__Exercise__: An exact retyping of every record is required.

__Records__:
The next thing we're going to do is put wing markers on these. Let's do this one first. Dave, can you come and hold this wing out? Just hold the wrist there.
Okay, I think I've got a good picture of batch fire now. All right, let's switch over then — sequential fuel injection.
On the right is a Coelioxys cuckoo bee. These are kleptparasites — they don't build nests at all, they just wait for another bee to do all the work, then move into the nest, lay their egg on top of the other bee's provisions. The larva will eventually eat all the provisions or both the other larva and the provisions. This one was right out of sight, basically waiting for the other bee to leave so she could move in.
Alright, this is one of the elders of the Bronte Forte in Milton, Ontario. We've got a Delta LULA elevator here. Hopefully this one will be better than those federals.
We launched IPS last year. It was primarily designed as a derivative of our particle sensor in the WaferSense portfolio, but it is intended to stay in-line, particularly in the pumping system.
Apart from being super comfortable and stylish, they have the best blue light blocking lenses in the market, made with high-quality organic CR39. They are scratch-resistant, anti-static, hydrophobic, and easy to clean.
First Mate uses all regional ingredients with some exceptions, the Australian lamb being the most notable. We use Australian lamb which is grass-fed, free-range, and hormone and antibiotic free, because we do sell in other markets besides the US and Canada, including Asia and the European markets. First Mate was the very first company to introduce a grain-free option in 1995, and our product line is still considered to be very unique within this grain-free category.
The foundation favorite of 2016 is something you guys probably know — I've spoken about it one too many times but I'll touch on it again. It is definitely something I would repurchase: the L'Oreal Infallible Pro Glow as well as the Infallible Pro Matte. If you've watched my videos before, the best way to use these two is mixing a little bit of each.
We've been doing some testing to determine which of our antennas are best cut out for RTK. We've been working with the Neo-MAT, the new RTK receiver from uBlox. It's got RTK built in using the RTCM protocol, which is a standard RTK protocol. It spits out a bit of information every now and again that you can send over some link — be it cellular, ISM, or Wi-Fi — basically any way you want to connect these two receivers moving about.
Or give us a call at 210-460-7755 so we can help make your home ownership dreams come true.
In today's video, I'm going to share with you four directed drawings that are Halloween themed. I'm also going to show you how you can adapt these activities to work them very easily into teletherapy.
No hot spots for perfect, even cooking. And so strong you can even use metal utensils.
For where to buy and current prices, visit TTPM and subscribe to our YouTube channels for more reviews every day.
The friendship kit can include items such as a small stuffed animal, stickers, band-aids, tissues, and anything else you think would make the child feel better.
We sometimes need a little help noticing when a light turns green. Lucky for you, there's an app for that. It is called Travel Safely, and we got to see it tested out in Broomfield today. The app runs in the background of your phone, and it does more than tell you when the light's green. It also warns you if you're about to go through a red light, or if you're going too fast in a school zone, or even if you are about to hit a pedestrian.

__Answer to this task__:
The next thing we're going to do is put wing markers on these. Let's do this one first. Dave, can you come and hold this wing out? Just hold the wrist there.
Okay, I think I've got a good picture of batch fire now. All right, let's switch over then — sequential fuel injection.
On the right is a Coelioxys cuckoo bee. These are kleptparasites — they don't build nests at all, they just wait for another bee to do all the work, then move into the nest, lay their egg on top of the other bee's provisions. The larva will eventually eat all the provisions or both the other larva and the provisions. This one was right out of sight, basically waiting for the other bee to leave so she could move in.
Alright, this is one of the elders of the Bronte Forte in Milton, Ontario. We've got a Delta LULA elevator here. Hopefully this one will be better than those federals.
We launched IPS last year. It was primarily designed as a derivative of our particle sensor in the WaferSense portfolio, but it is intended to stay in-line, particularly in the pumping system.
Apart from being super comfortable and stylish, they have the best blue light blocking lenses in the market, made with high-quality organic CR39. They are scratch-resistant, anti-static, hydrophobic, and easy to clean.
First Mate uses all regional ingredients with some exceptions, the Australian lamb being the most notable. We use Australian lamb which is grass-fed, free-range, and hormone and antibiotic free, because we do sell in other markets besides the US and Canada, including Asia and the European markets. First Mate was the very first company to introduce a grain-free option in 1995, and our product line is still considered to be very unique within this grain-free category.
The foundation favorite of 2016 is something you guys probably know — I've spoken about it one too many times but I'll touch on it again. It is definitely something I would repurchase: the L'Oreal Infallible Pro Glow as well as the Infallible Pro Matte. If you've watched my videos before, the best way to use these two is mixing a little bit of each.
We've been doing some testing to determine which of our antennas are best cut out for RTK. We've been working with the Neo-MAT, the new RTK receiver from uBlox. It's got RTK built in using the RTCM protocol, which is a standard RTK protocol. It spits out a bit of information every now and again that you can send over some link — be it cellular, ISM, or Wi-Fi — basically any way you want to connect these two receivers moving about.
Or give us a call at 210-460-7755 so we can help make your home ownership dreams come true.
In today's video, I'm going to share with you four directed drawings that are Halloween themed. I'm also going to show you how you can adapt these activities to work them very easily into teletherapy.
No hot spots for perfect, even cooking. And so strong you can even use metal utensils.
For where to buy and current prices, visit TTPM and subscribe to our YouTube channels for more reviews every day.
The friendship kit can include items such as a small stuffed animal, stickers, band-aids, tissues, and anything else you think would make the child feel better.
We sometimes need a little help noticing when a light turns green. Lucky for you, there's an app for that. It is called Travel Safely, and we got to see it tested out in Broomfield today. The app runs in the background of your phone, and it does more than tell you when the light's green. It also warns you if you're about to go through a red light, or if you're going too fast in a school zone, or even if you are about to hit a pedestrian.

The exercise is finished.